### AVAILABLE DATA
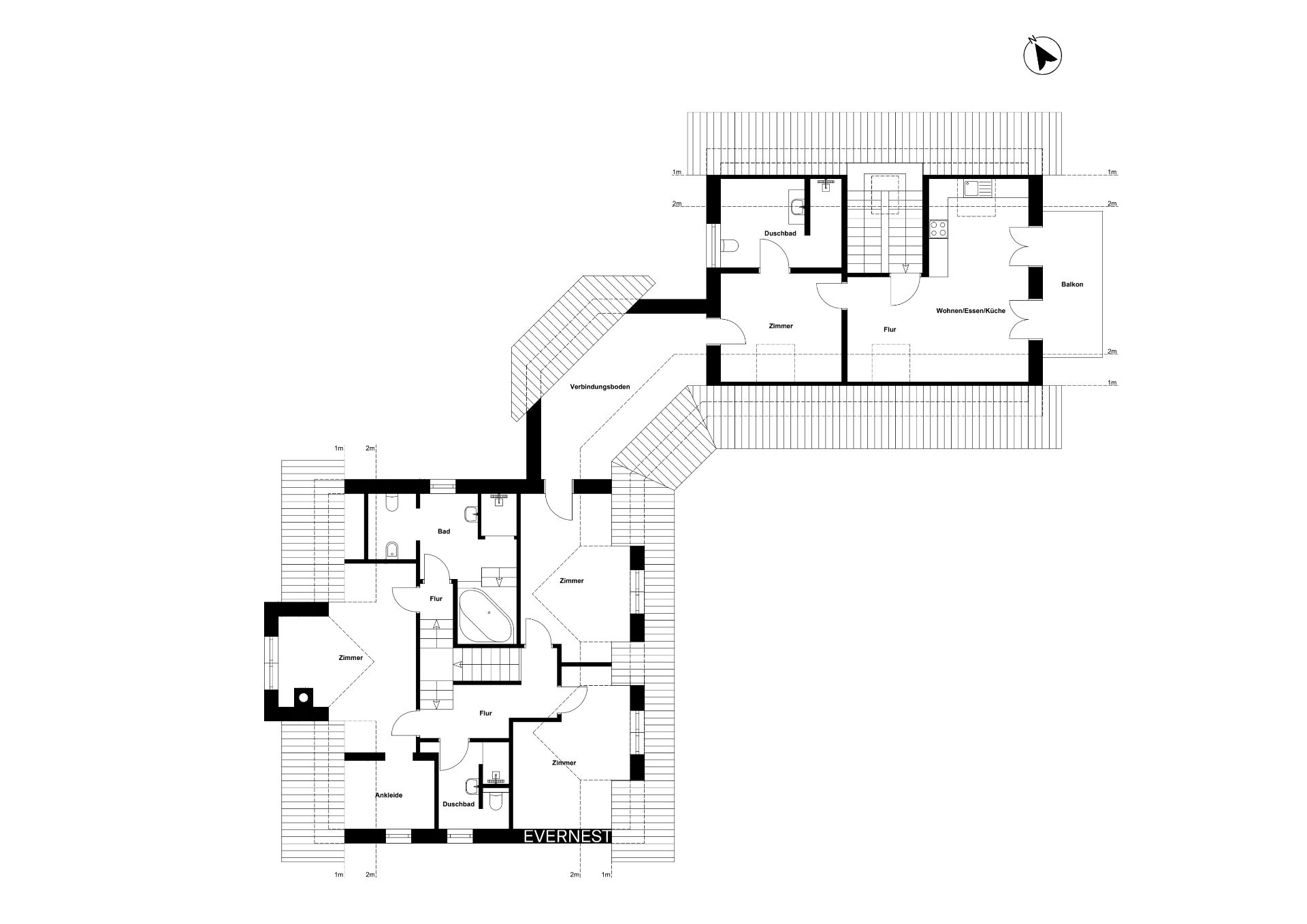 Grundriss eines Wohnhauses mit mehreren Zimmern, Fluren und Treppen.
==
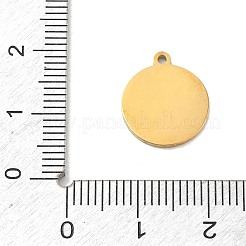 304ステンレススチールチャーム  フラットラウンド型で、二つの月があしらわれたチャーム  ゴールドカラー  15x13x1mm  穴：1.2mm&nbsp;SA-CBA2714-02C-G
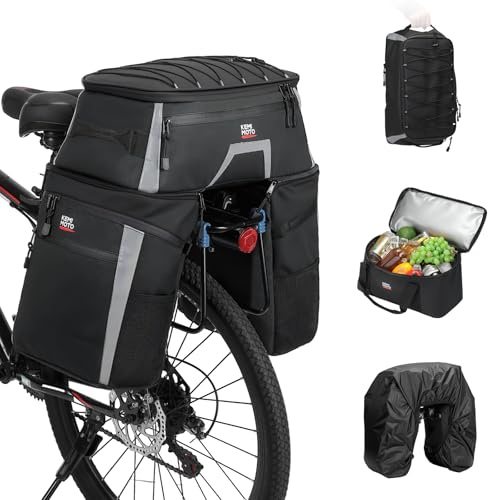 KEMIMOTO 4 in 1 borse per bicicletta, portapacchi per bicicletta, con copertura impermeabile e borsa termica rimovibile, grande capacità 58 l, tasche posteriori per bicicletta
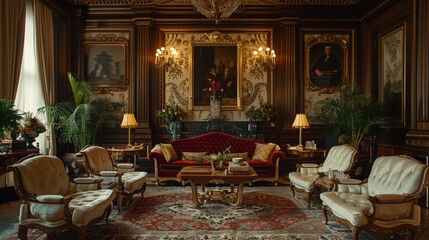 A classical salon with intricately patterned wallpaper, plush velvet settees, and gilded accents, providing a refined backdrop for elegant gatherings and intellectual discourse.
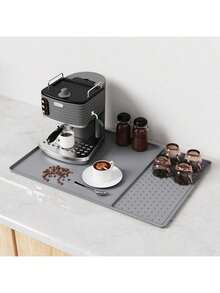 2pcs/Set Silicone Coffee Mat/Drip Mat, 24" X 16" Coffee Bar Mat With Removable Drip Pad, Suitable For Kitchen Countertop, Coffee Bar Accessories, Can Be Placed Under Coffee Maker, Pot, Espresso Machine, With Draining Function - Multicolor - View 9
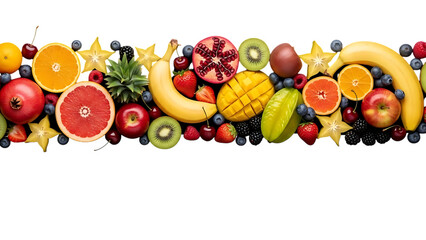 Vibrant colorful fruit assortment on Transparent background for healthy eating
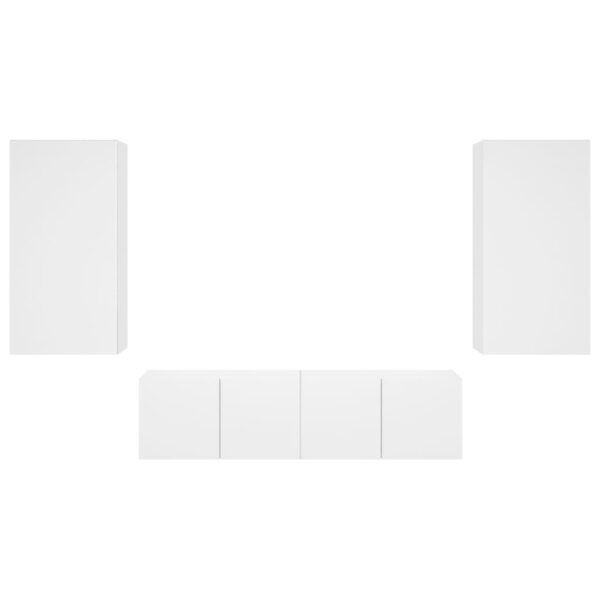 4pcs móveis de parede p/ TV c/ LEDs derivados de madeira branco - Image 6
==
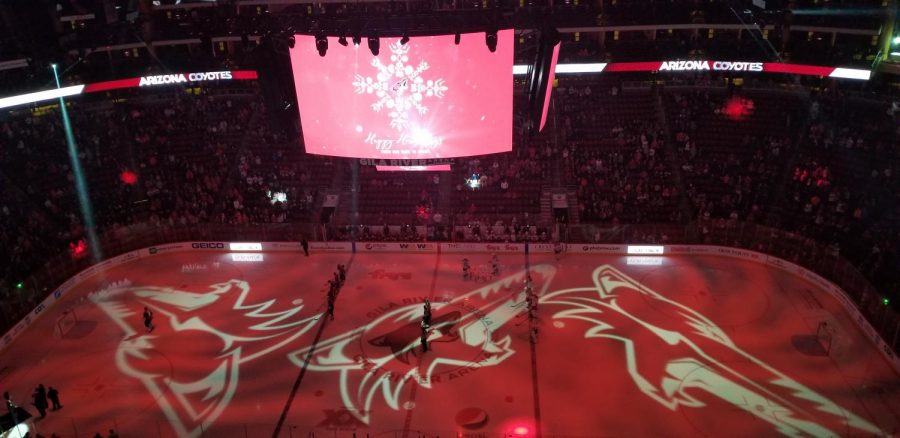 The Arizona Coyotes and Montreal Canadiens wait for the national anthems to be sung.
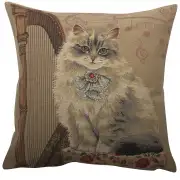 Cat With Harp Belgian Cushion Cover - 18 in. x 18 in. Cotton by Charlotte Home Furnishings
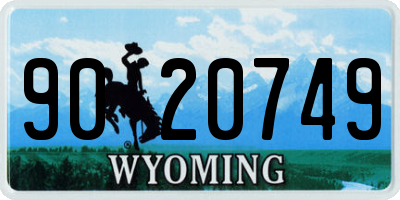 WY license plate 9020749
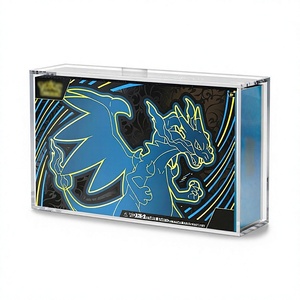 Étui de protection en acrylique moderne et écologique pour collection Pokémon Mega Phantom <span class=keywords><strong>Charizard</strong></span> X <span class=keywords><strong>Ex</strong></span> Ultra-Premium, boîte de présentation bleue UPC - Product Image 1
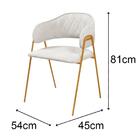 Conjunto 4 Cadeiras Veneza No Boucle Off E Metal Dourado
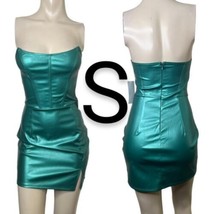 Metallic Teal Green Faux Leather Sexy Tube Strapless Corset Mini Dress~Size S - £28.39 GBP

### WHAT YOU WILL DO
Would you copy, word for word, only the lines above from the one containing "Conjunto 4 Cadeiras" through the one containing "Metallic Teal Green", both included, and please leave out the pictures?

### WRITTEN SOLUTION
 Conjunto 4 Cadeiras Veneza No Boucle Off E Metal Dourado
 Metallic Teal Green Faux Leather Sexy Tube Strapless Corset Mini Dress~Size S - £28.39 GBP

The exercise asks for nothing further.